Erst später bestimmte man den auf den 10. August nächstfolgenden Sonntag zum Feiertag. Trotz dieser Maßnahme fand damals jedoch am Laurentiustag, in altgewohnter Weise, ein Gottesdienst mit Predigt statt, dies aber erst nach merkwürdigen „Wetterschlägen“, wie Pfarrer Friedrich Wilhelm Wolßhofer, der in Roßtal auf der 1. Pfarrstelle von 1748–1762 war, in einer Pfarrbeschreibung der Nachwelt überliefert hat.
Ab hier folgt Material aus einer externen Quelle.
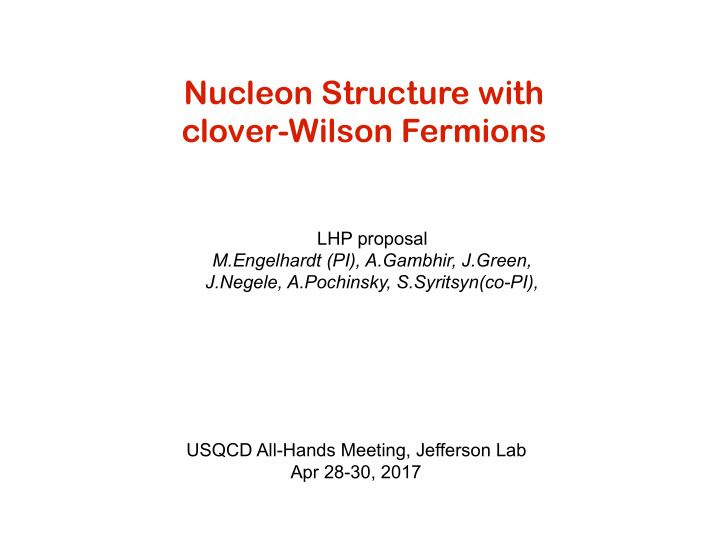 nucleon structure with clover wilson fermions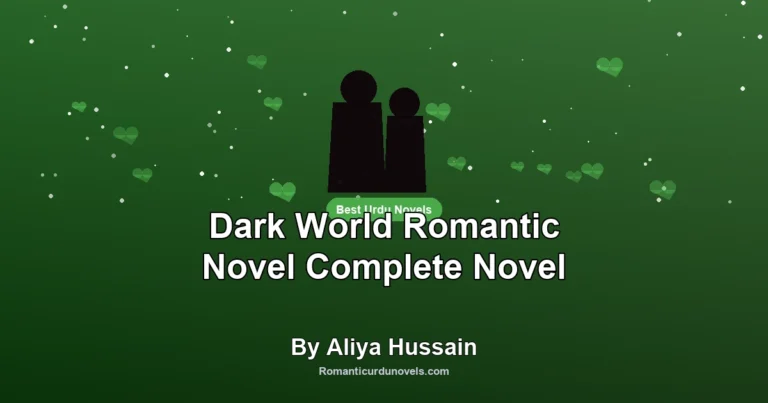 Dark World Romantic Novel Complete Novel By Aliya Hussain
Er schrieb im Jahre 1760: „Anno 1624 hat man diesen Laurentii-Feiertag und das Predigen daran verboten; da schlug in eben dem Jahr am Martini-Tag (11. Nov.) das Wetter in die Kirche und brannte das ganze Langhaus völlig weg.“

Hier irrt Pfarrer Wolßhofer; der von ihm geschilderte Blitzschlag am 11. Nov. 1624 beschädigte „nur“ den Turm. Erst drei Jahre später, am Laurentiustag, den 10. August 1627, bei einem erneuten Blitzeinschlag mit anschließendem Feuer wurde nicht nur die Turmspitze, sondern auch das gesamte Langhaus ein Raub der Flammen. Hierbei stürzte das Gewölbe des Langhauses in den Kirchenraum und zerstörte alle sechs, nach anderen Angaben neun Altäre und auch die beiden Hochgräber, das der als Kirchenstifterin geltenden Gräfin Irmingard und das eines Herzogs Ernst.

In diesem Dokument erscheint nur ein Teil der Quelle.